For a moment, they were both silent. Hans watched the flames leap and crackle in the fireplace.
“You must always remember,” Hans’ father said, “that this is a war. It may be a cold one, but you’re going to be fighting in enemy territory. Back when I was there, I met a man who was the best soldier I’d ever seen. He was there from the beginning, when the Nazis fell. He told me something I’ll never forget. He compared war to an inferno, and he said, ‘the fire is out, but it’s still smoldering. It can easily ignite again, and if it does, we’ll all be burned.” Hans’ father leaned forward to his son, trying to ingrain the lesson. “Our job is to prevent that from happening, but remember—when tending to the smoking coals—that smoke is insidious. Most people die from smoke inhalation long before the flames reach them.” Hans now understood those words more clearly than ever before.

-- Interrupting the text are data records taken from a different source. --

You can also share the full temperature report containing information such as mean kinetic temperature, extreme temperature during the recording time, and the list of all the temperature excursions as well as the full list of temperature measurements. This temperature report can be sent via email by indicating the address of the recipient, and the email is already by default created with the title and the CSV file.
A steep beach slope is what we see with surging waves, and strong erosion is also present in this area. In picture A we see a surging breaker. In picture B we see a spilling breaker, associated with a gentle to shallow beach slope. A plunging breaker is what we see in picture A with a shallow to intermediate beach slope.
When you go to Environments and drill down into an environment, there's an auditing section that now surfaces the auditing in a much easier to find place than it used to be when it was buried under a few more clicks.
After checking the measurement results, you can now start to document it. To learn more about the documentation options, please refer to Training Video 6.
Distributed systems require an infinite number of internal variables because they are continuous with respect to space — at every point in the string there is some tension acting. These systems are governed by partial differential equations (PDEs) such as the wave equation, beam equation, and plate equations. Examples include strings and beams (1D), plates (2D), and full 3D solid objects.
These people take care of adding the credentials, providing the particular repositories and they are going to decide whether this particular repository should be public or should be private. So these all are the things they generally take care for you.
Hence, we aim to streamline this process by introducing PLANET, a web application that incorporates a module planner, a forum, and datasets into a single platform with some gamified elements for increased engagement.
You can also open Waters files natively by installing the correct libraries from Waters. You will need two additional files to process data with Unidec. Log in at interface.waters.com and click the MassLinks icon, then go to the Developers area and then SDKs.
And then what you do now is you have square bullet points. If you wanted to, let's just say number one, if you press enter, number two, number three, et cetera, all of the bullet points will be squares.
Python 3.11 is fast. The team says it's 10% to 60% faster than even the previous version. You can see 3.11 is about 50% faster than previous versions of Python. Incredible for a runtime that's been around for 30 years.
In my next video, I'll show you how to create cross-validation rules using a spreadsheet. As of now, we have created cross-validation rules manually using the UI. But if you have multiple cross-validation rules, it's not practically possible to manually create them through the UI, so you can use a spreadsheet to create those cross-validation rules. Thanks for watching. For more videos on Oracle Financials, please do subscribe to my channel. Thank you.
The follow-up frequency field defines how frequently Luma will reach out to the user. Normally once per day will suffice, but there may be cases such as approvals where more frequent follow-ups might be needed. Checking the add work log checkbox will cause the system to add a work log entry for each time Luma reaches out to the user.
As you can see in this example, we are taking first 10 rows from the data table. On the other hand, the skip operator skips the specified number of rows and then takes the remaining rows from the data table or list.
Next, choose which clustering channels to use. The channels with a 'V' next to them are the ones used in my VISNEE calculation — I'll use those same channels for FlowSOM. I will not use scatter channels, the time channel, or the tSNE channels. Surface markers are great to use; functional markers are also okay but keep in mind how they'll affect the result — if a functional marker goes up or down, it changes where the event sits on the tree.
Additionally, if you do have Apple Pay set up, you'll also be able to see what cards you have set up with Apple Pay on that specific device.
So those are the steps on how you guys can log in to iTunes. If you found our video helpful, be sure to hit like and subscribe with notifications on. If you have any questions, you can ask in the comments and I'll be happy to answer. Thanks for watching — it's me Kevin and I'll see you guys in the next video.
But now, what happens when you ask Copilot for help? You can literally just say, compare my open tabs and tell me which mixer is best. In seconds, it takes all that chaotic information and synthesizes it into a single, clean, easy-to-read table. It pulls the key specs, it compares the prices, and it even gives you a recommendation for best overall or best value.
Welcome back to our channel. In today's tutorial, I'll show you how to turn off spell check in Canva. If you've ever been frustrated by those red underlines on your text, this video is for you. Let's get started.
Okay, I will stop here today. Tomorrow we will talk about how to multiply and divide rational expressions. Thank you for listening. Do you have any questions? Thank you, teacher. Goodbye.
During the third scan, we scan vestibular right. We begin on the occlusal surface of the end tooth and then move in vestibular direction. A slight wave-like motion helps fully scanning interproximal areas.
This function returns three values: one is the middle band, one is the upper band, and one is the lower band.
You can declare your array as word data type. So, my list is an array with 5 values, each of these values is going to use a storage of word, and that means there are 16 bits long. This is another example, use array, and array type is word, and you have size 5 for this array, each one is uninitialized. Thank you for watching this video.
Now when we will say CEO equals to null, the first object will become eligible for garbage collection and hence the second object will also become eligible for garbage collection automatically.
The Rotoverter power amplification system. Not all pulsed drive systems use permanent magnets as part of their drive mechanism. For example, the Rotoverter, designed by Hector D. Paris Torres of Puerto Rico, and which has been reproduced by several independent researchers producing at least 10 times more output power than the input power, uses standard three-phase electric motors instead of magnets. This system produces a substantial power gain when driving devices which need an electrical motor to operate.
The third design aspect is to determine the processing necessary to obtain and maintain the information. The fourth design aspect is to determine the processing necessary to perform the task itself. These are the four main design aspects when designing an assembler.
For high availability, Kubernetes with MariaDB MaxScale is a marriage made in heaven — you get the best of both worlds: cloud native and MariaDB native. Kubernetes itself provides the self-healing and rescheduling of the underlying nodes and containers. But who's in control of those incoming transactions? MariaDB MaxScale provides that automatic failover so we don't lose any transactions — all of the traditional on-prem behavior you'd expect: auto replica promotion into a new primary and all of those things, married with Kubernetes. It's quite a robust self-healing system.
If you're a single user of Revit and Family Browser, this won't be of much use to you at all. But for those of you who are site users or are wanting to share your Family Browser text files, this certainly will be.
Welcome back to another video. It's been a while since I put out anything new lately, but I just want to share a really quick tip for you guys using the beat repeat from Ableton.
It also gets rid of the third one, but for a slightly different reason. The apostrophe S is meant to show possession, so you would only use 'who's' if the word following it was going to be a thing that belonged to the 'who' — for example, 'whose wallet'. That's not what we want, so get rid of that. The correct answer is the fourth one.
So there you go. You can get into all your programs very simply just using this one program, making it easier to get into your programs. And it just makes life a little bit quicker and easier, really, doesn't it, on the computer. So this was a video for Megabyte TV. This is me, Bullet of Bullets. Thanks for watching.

It was clear Scharf would have to be stopped. Scharf’s closeness with the Minister of State Security was troubling, considering his power grab had begun to clear out anyone who opposed him. Dietrich’s death and the whole mole hunt reeked. Hans suspected his conversation with Dietrich had likely convinced the general to break off the invasion plans, and Scharf had probably killed him for it. Events were unraveling too conveniently in Scharf’s favor. The mole hunt now posed a very real danger to Hans, and more importantly, Anna. Scharf would bulldoze his way through the government ranks to find his way to the top, but he was smart enough that if he uncovered any trace of a real breach, he’d sniff out the source.
The Prora base was a complex of old Nazi buildings along the wooded coastline. The entire complex stretched for almost seven miles, set just a hundred meters back from a golden sand beach. Hitler had commissioned the five-story structures in 1936 as a vacation resort where the Aryan nation could play. Despite the charming natural surroundings, the complex was dour and gray; it seemed as if it was always destined to be barracks.
Hans reported to the base headquarters, where he was escorted to the office of the base commander, General Thorwald. The general and his chief of staff, Colonel Grossmann, sat Hans down. The men had little interest in his official duties, though they were eager to hear of news from Berlin.
“What is the status on the Dietrich case?” Thorwald probed.
“The Minister of State Security has assigned a special unit to find the murderer,” Hans replied, his throat dry.
“Do they have a suspect?” Grossmann chimed in.
“Not that I know of, though they are building a profile.”